I Had a Dream

I had a dream in which the governor of a particular state declared that the priority of his administration was to be nurturing children. The legislature, both the senate and the representatives, proposed, considered and passed laws that had at their core nurturing children.

One of the first departments to move toward nurturing children was Education. After all, the customers for education are children. Soon children were allowed to attend schools that were the best place for that individual student. Teachers were unleashed to teach children in the highest and best teaching methods in an effort to nurture each child’s intellect and help them grow into self-reliant, productive adults. School buildings were both modernized and adequately maintained. Children learned that they had options. If they worked hard and well, they could be anything they wanted to be when they grew up.
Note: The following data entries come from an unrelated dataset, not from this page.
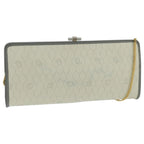 Dior Honeycomb  Canvas Shoulder Bag (Pre-Owned)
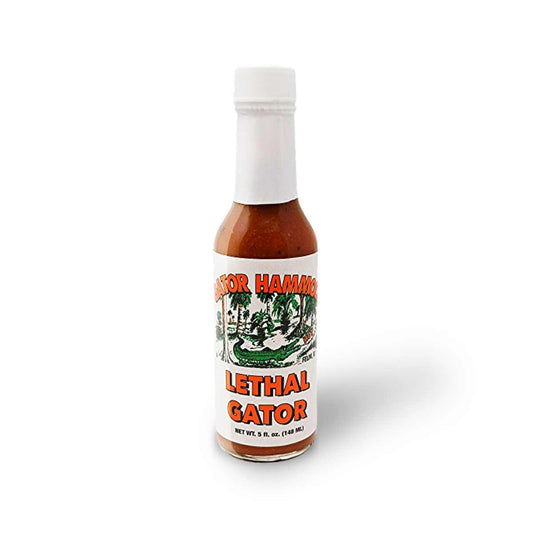 Gator Hammock - Lethal Gator - Hot Sauce
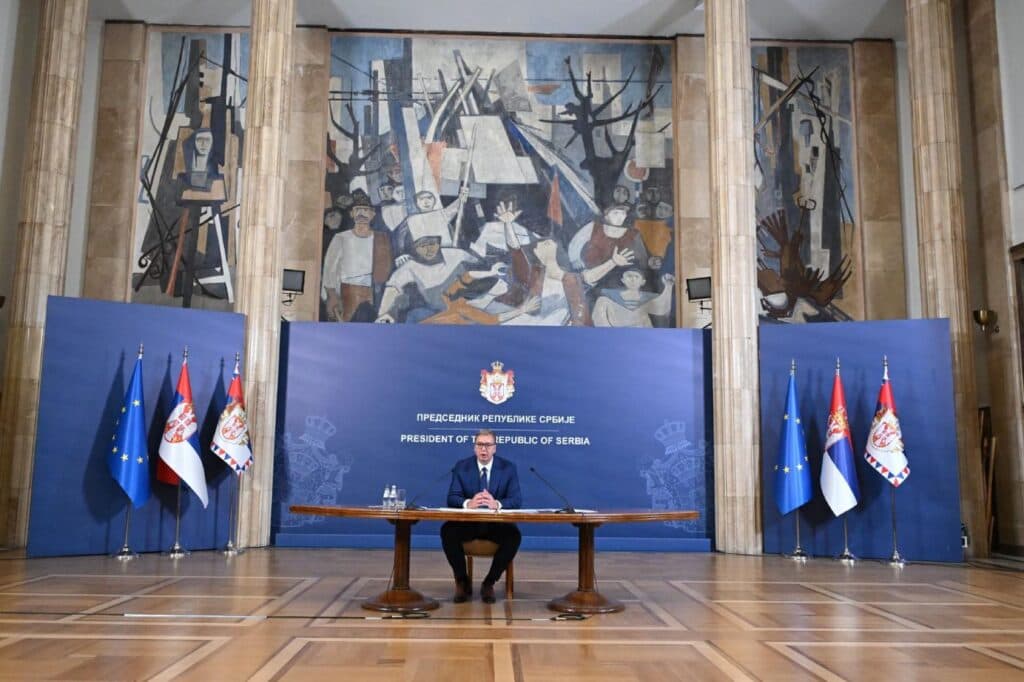 Slika uz članak: Sve ostavke Aleksandra Vučića (sa obrazloženjem): Od inauguracije do oproštajnog koktela na Andrićevom vencu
The Health Department was close behind. Every child had proper health care regardless of where the child lived or at what socio-economic level. Vaccinations were available. Well-child check-ups were encouraged. Soon nutrition improved in schools and also in the home. Children didn’t miss school because of illness. Schools and families were full of healthy and happy children.

The Housing Department implemented programs to create safe and attractive places for children and their families to live. Not extravagant housing, but adequate in all respects of cleanliness and appearance. There was less vandalism and graffiti. Because children had safe housing, they played outside. Communities were strengthened and neighbors helped one another.
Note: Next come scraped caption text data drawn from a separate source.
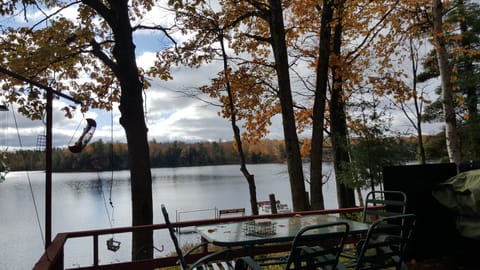 Deck Table and 4 chairs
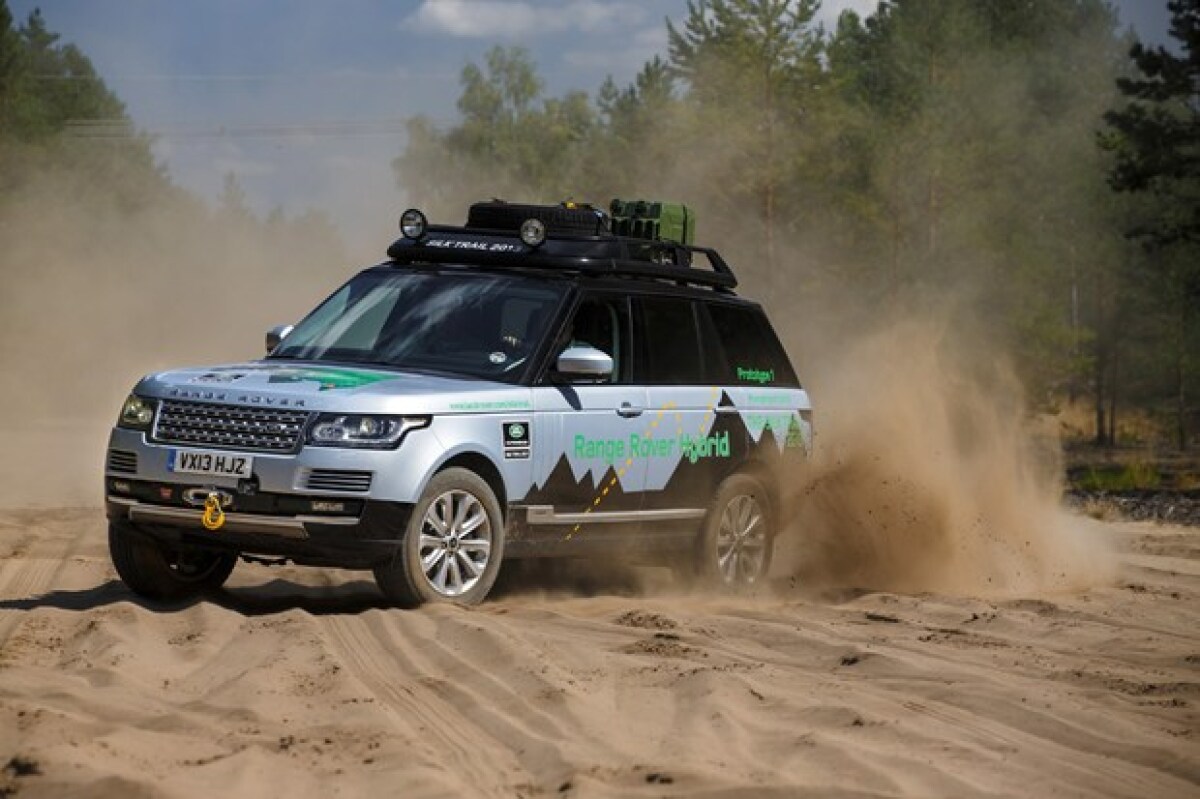 Range Rover Silk Trail 2013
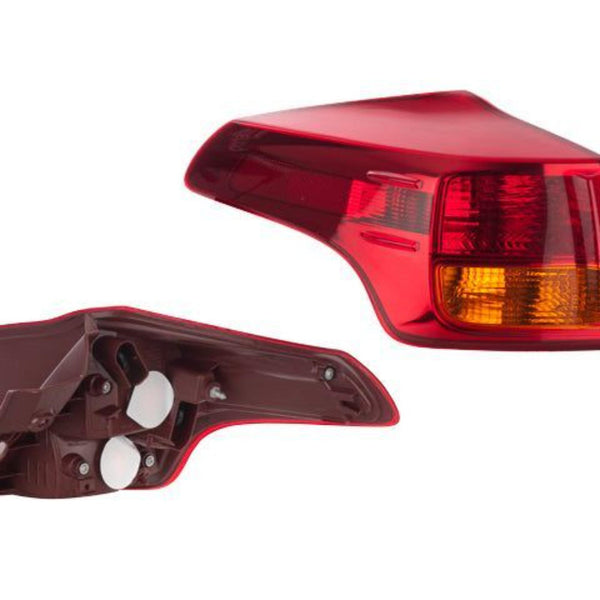 Calavera Exterior P/ Toyota Rav 4 2013-2015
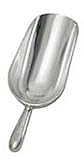 Large 38 Oz. (Ounce) Bar Ice Scoop, Dry Bin Scoop, Dry Goods Scoop, Candy Scoop, Spice Scoop, Cast Aluminum (1, 38 Ounce) by Update International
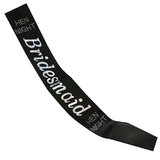 Bridesmaid Satin Hen Night Sash
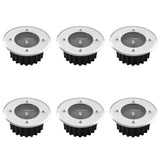 Vidaxl Ground Spot Solar 6 St. Runde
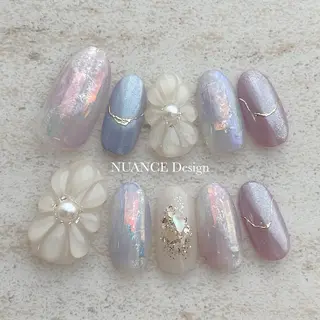 ネイル amulet TOMOMIのネイルデザイン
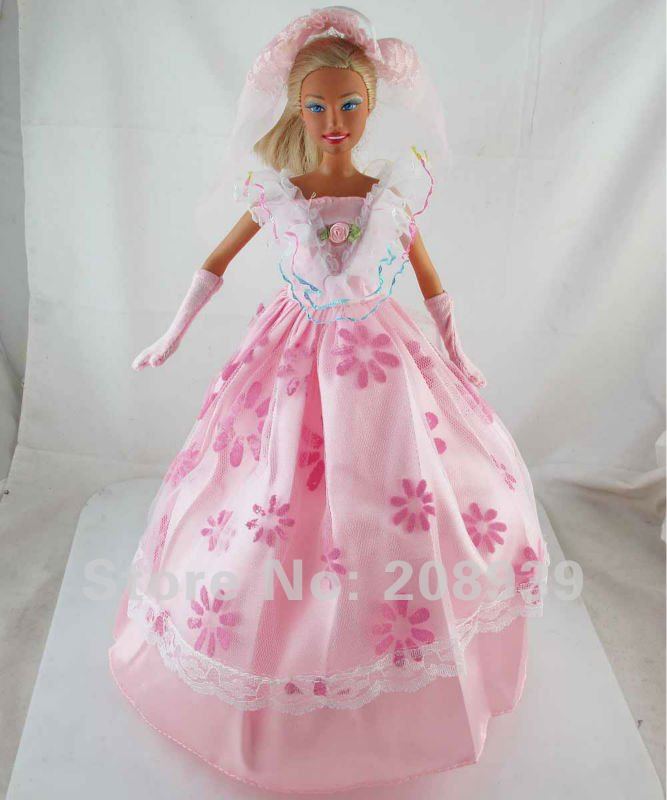 barbie wedding dresses for dolls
Because children were nurtured in schools, in health care, and in homes, they made better decisions. They went to college or apprenticed for a trade. They put off childbearing because there were so many other things they wanted to accomplish. Schools and colleges graduated good, dedicated workers. Towns, cities and countryside were filled with responsible adults who worked to make a better life for their children. It took a long time, but gradually these good changes became normal for the state that put nurturing children first.
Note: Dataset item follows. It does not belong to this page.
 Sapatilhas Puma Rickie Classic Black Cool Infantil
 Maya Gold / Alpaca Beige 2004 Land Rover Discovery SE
As happens in dreams, there wasn’t any explanation of how all of this happened. But I somehow knew that the government did not tax the citizenry exorbitantly in order to pay for all of the nurturing children programs. It seemed there was less crime so less jails and less law enforcement was needed. As education increased, citizens took responsibility for their own situations and relied on the government less. Non-governmental agencies as well as faith-based organizations flourished as they stepped to the forefront ministering to and nurturing children.

As wakefulness began to intrude on my dream state, my dream played over again in my head. I basked in the remembrance of scenes of children being nurtured. During the day, images and impressions from this dream bubbled up triggered by a word, a sight or smell. The things I saw in my dream seemed extreme. They seemed impossible. They seemed pie-in-the-sky. But, hey, it was a dream. Isn’t that how dreams are?

Nevertheless, I yearned for the dream to be true. I yearned to live in a place where people didn’t just work against something, they worked for something. I yearned to live in a place in which hope was. And I wondered if it could really happen here in the land of wakefulness.

A long time ago I learned that dreams happen because of day residue: things that happen during wakefulness are stored in the sub-conscious and are then acted out in dreams. So what was the day residue that was acted out in this dream? It was the abortion bill. I live in Texas and for months the state legislature has been considering and debating a bill that would effectively end abortion in Texas. This is a volatile issue. Here is what I believe:

A fact of life about the facts of life is that women get pregnant. Sometimes those pregnancies are unwanted. Abortion is one option open to women. Other options are parenting and adoption. Abortion is the law of the land. However, whether it is legally available to women or not, women will seek abortions. It’s better to have a safe procedure than an unsafe procedure. In lieu of making abortion effectively not an alternative, it seems to me that there are things that can be done to empower women before pregnancy occurs: education, health, safe housing and much more.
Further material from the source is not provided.